◆ Assignment ◆
Skip pictures in the listing below; copy exactly the lines from the one with "Chair - chair Regatta_Bucket_Chair" through the one with "1300 Upper Canyon", inclusive.

◆ Supplied entries ◆
________________________
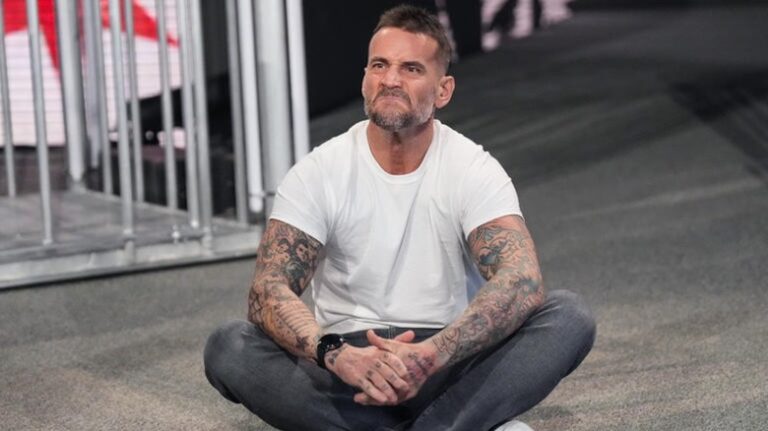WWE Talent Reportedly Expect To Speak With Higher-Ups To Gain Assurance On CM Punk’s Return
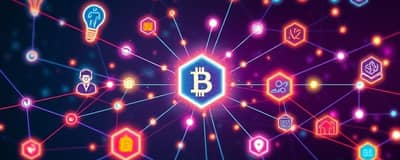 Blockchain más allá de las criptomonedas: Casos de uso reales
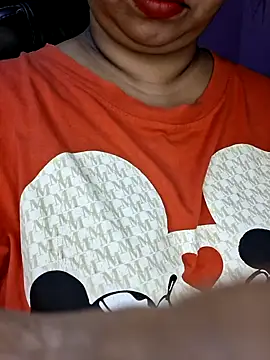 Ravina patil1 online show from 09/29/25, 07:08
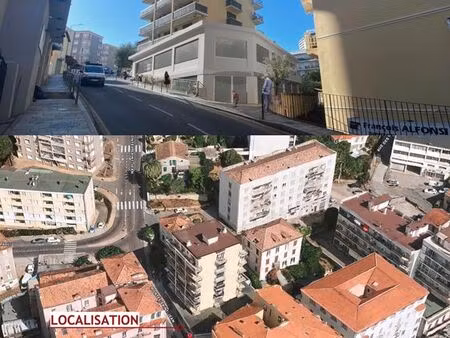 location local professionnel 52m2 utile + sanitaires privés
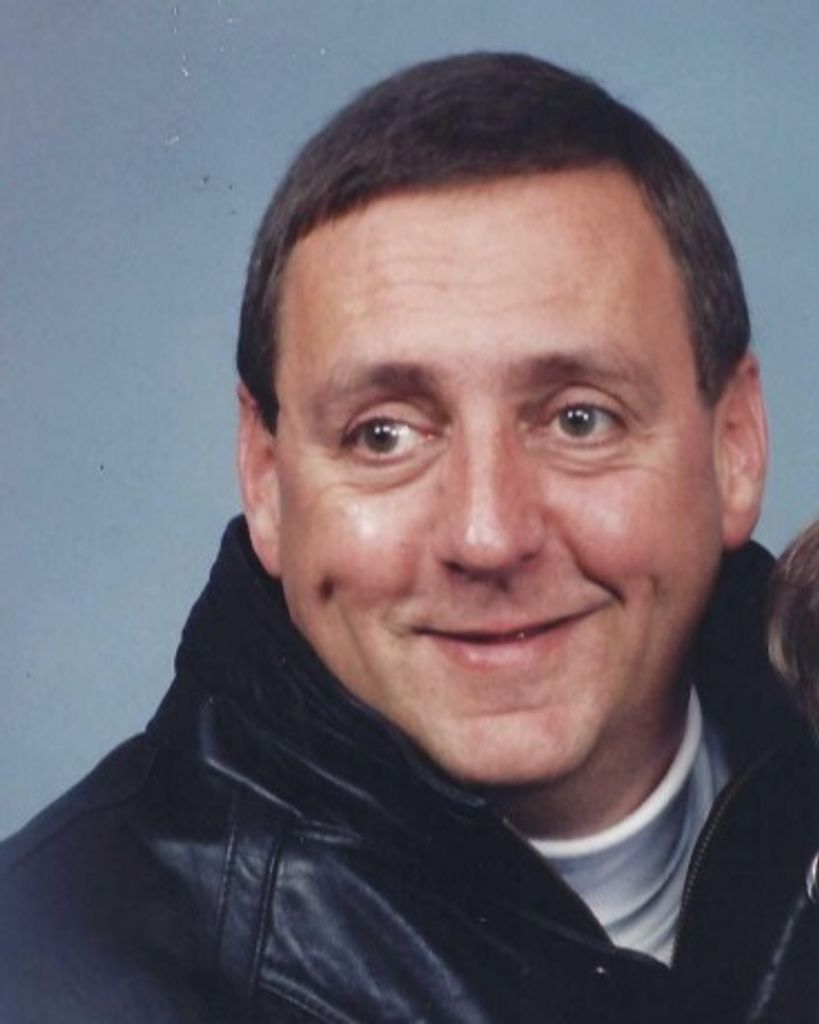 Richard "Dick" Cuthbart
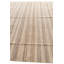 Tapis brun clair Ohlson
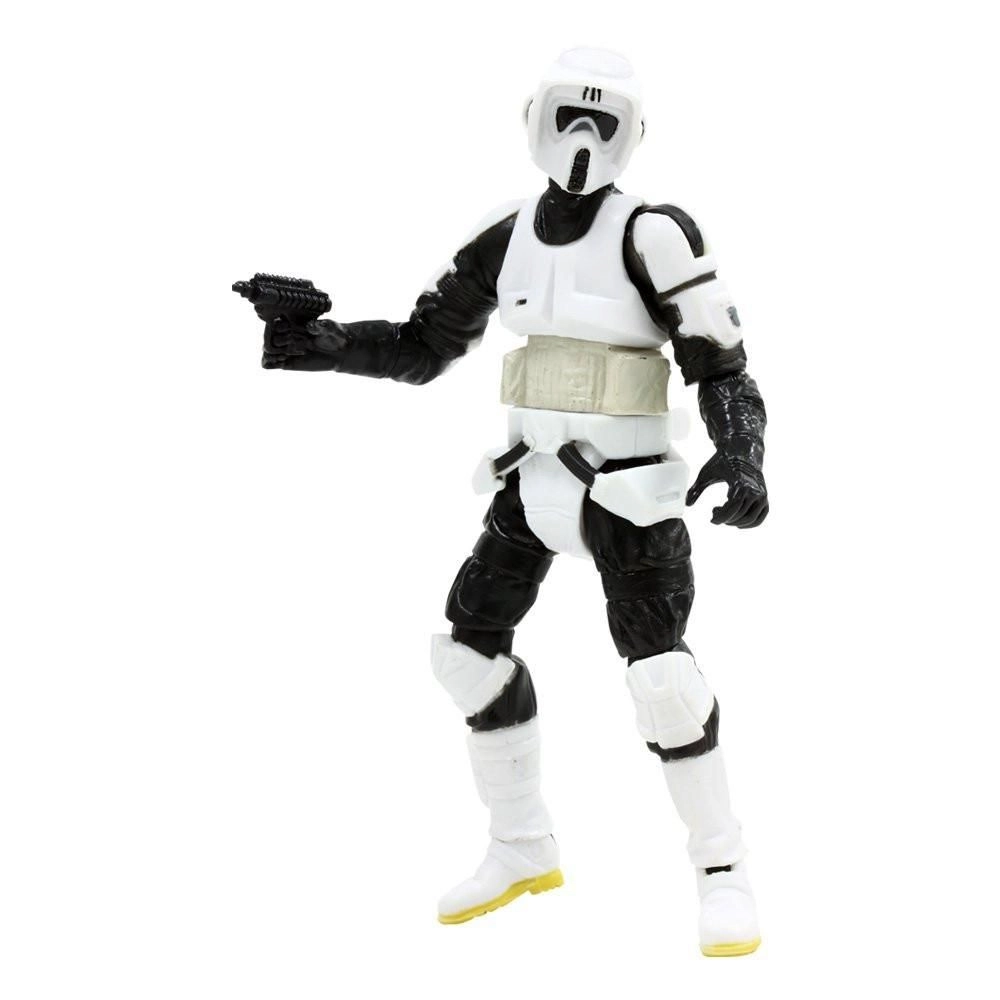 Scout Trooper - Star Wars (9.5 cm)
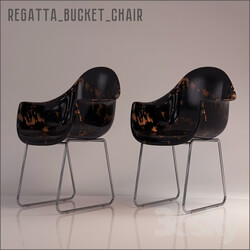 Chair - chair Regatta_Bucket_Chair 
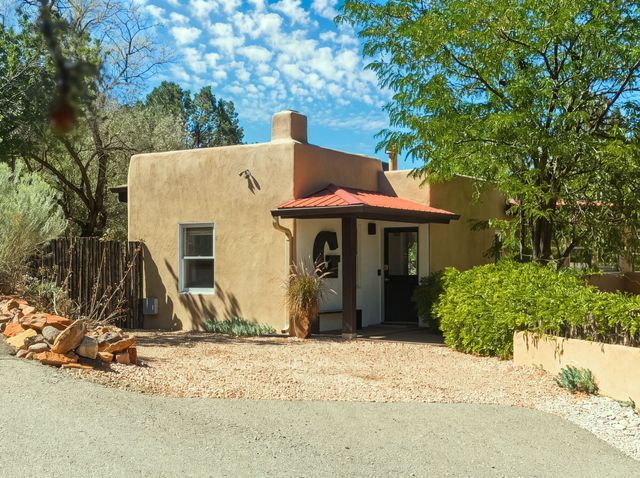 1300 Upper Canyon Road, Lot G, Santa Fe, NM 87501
________________________
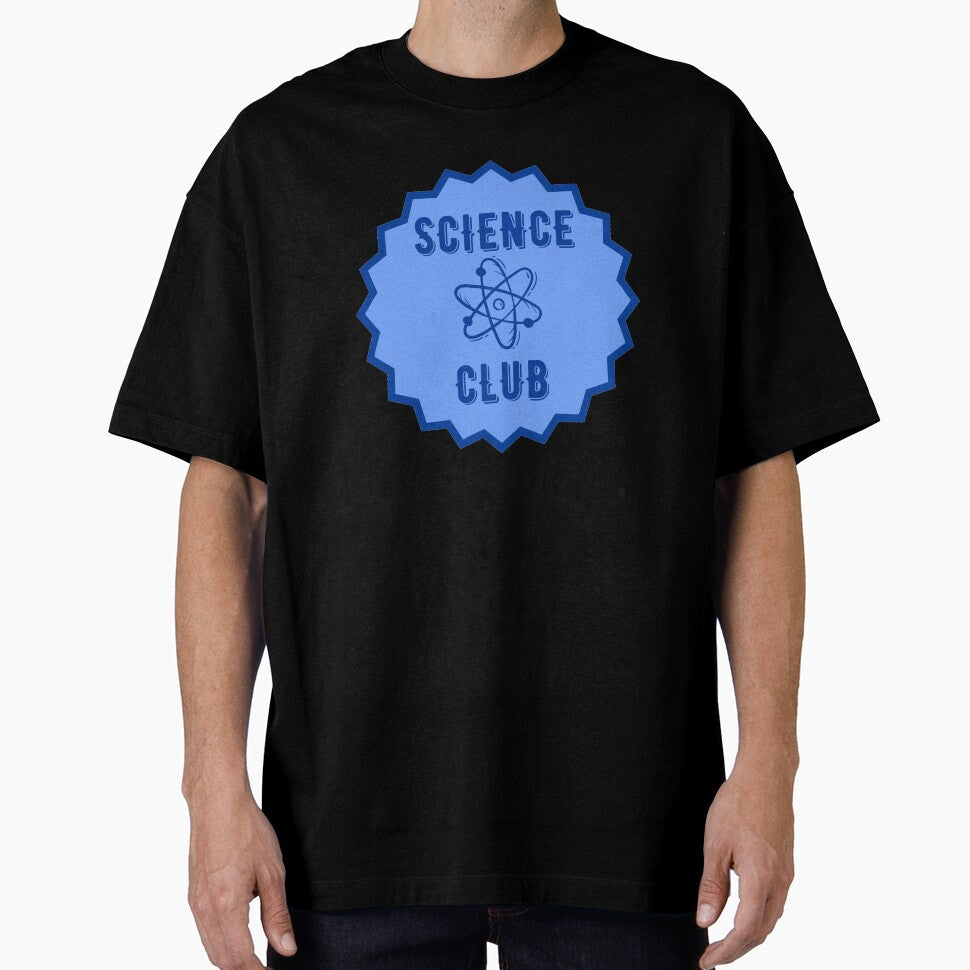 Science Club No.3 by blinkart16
________________________
◆ Finished exercise ◆
 Chair - chair Regatta_Bucket_Chair 
 1300 Upper Canyon Road, Lot G, Santa Fe, NM 87501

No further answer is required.